> DIRECTIONS FOR THIS TASK
Keep the wording of each record exactly the same when you repeat it, and leave out pictures.

**** THE DATA ****

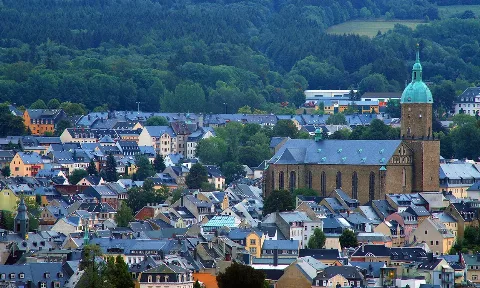 Boden Kristallisierung in Annaberg-Buchholz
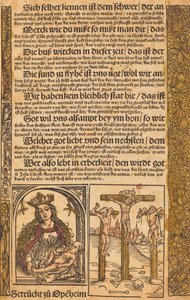 Broadside két jelenet Krisztus életéből, és a groteszk határok c. 14751500. alkotó: Unbekannt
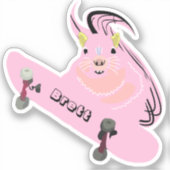 Sticker Naughty Squirrel #698 Brett Skateboard (Recto)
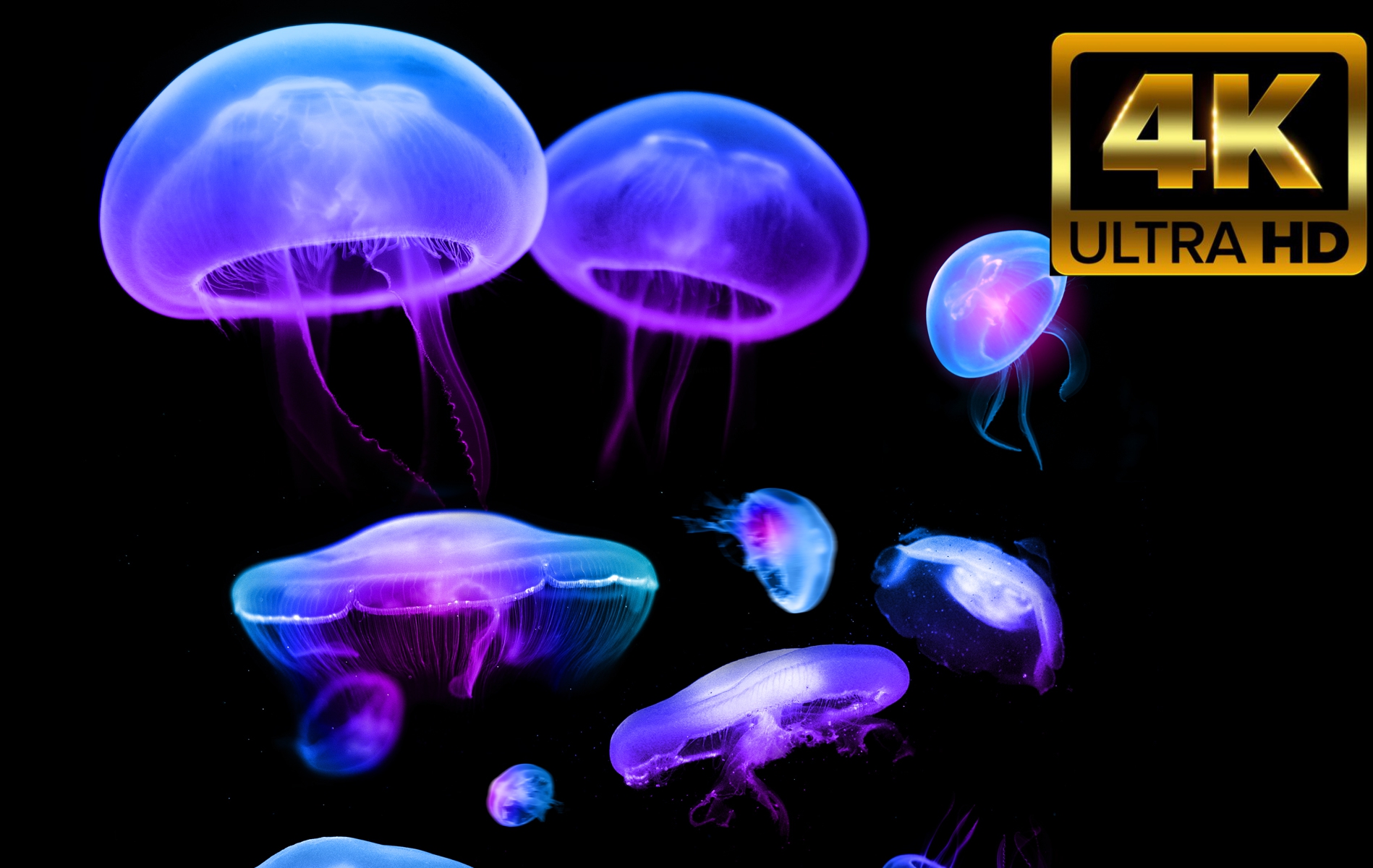 Удивительный аквариум с медузами в 4К HDR смотреть онлайн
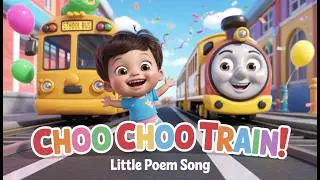 The Little Train Goes Choo-Choo| little train choo choo | nursery rhyme train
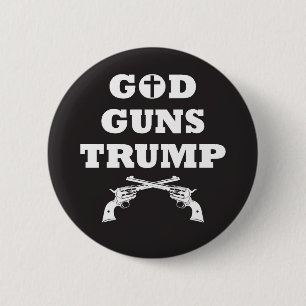 Badge Rond 5 Cm DIEU ARMES & TRUMP ! 2e amendement Droit de porter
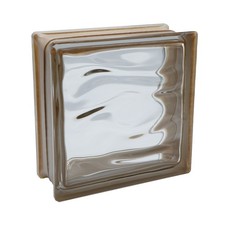 Fuchs Design Glasbausteine AQUA Reflex Beige, 19 x 19 x 8 cm - 6 Stück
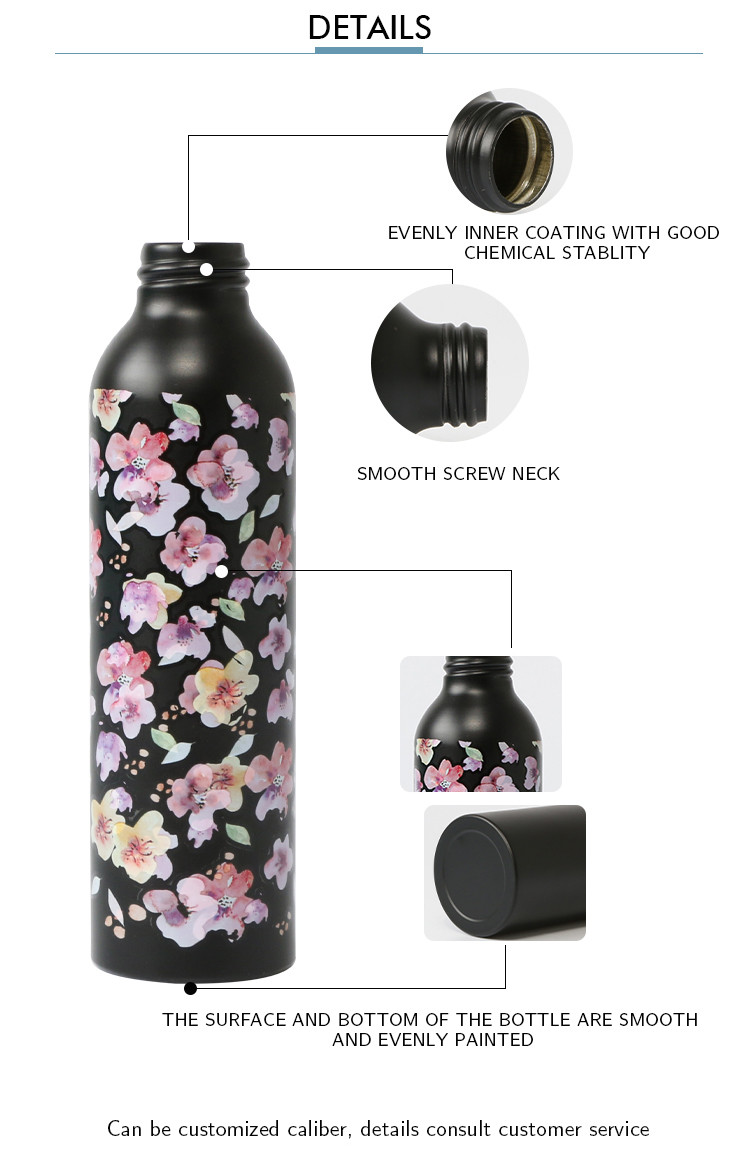 Empty 10ml 30ml 50ml 100ml 150ml Aluminum Cosmetic Bottles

****

> ANSWER TO THIS PROBLEM
 Boden Kristallisierung in Annaberg-Buchholz
 Broadside két jelenet Krisztus életéből, és a groteszk határok c. 14751500. alkotó: Unbekannt
 Sticker Naughty Squirrel #698 Brett Skateboard (Recto)
 Удивительный аквариум с медузами в 4К HDR смотреть онлайн
 The Little Train Goes Choo-Choo| little train choo choo | nursery rhyme train
 Badge Rond 5 Cm DIEU ARMES & TRUMP ! 2e amendement Droit de porter
 Fuchs Design Glasbausteine AQUA Reflex Beige, 19 x 19 x 8 cm - 6 Stück
 Empty 10ml 30ml 50ml 100ml 150ml Aluminum Cosmetic Bottles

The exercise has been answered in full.